• _Exercise prompt_:
Reproduce the data exactly as given, except for any images.

• _Provided material_:
- Opening Delimiter -

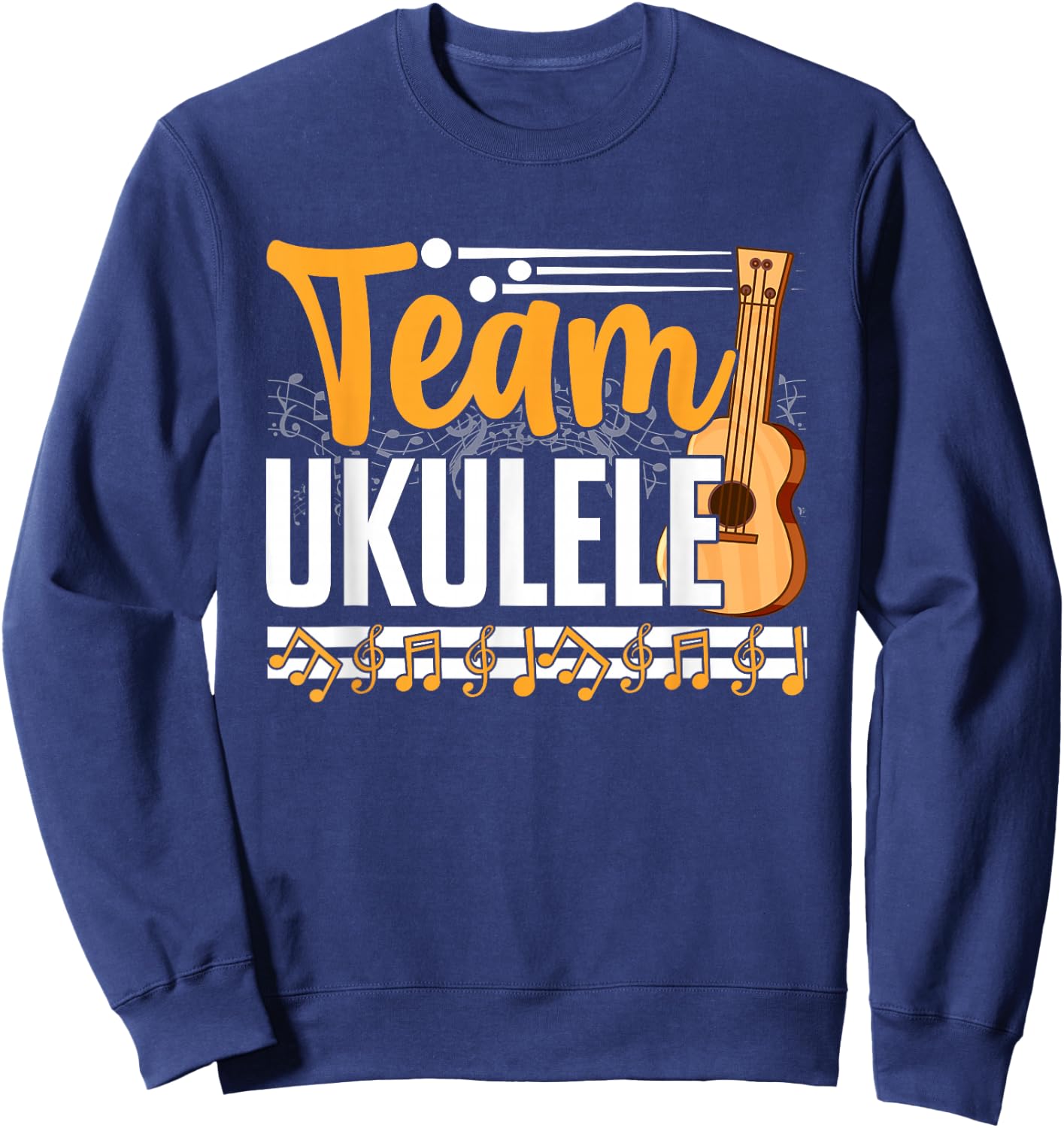 Team Ukulele , black Sweatshirt - Sweatshirt | Navy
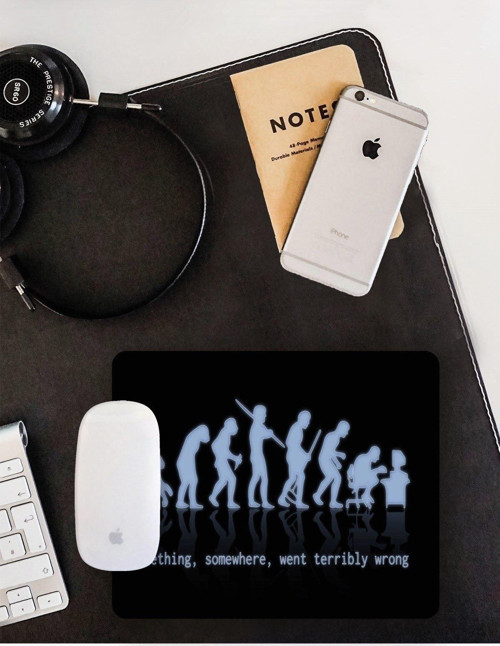 Something Went Terribly Wrong Mouse Pad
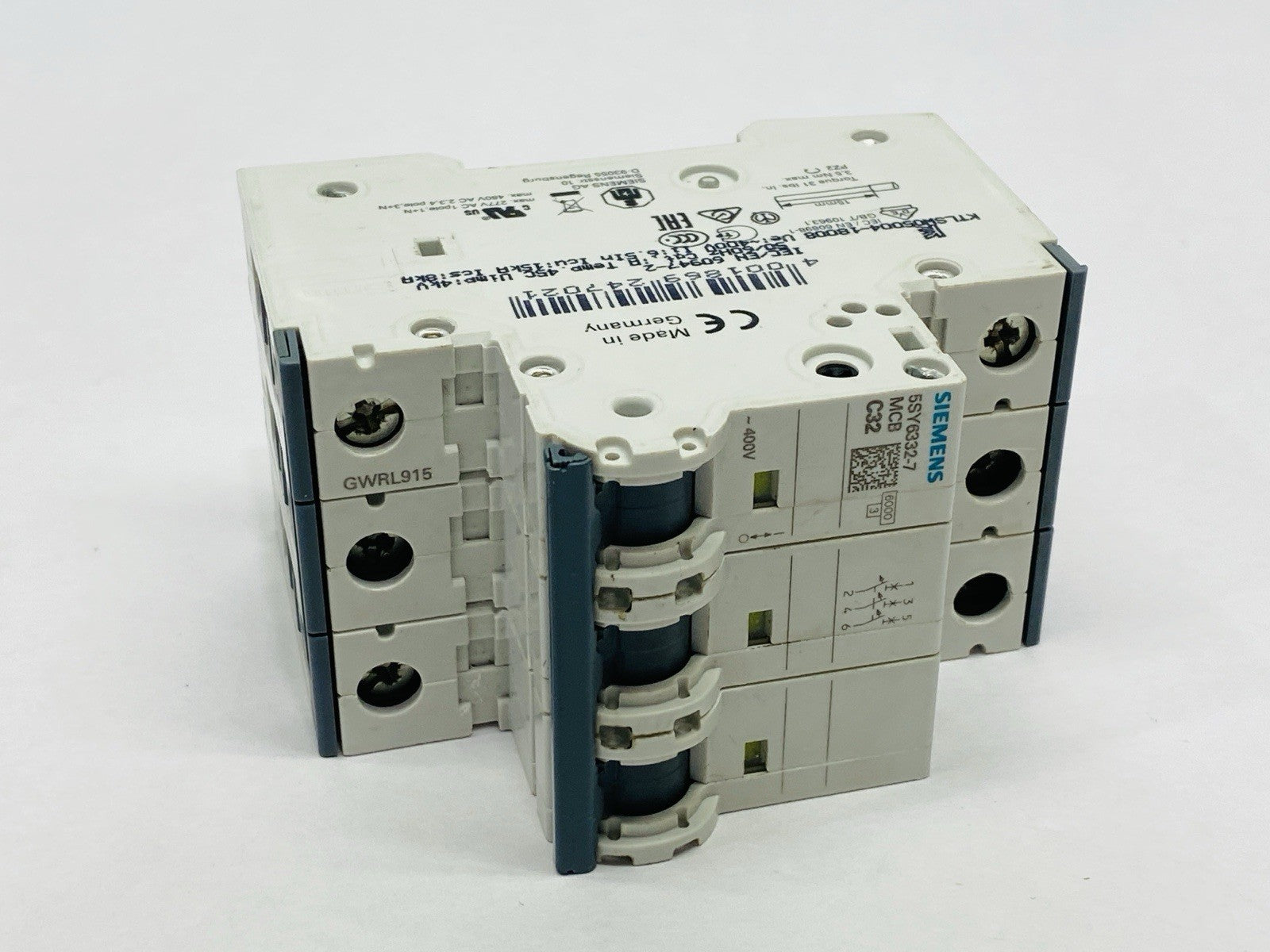 Siemens 5SY6332-7 Miniature Circuit Breaker 3-Pole 32A 400V - Maverick Industrial Sales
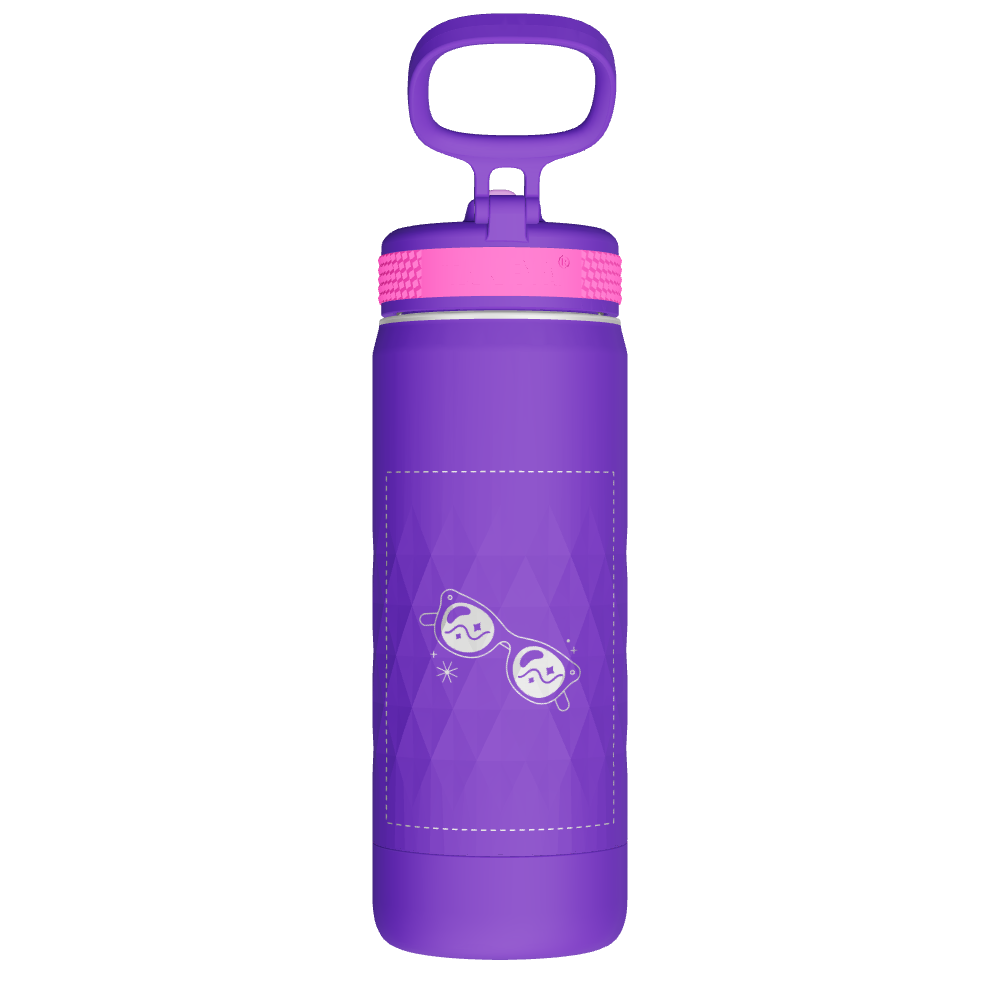 Kids Sport Water Bottle With Straw Lid - customized - Image 2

- Closing Delimiter -

• _Answer box_:
 Team Ukulele , black Sweatshirt - Sweatshirt | Navy
 Something Went Terribly Wrong Mouse Pad
 Siemens 5SY6332-7 Miniature Circuit Breaker 3-Pole 32A 400V - Maverick Industrial Sales
 Kids Sport Water Bottle With Straw Lid - customized - Image 2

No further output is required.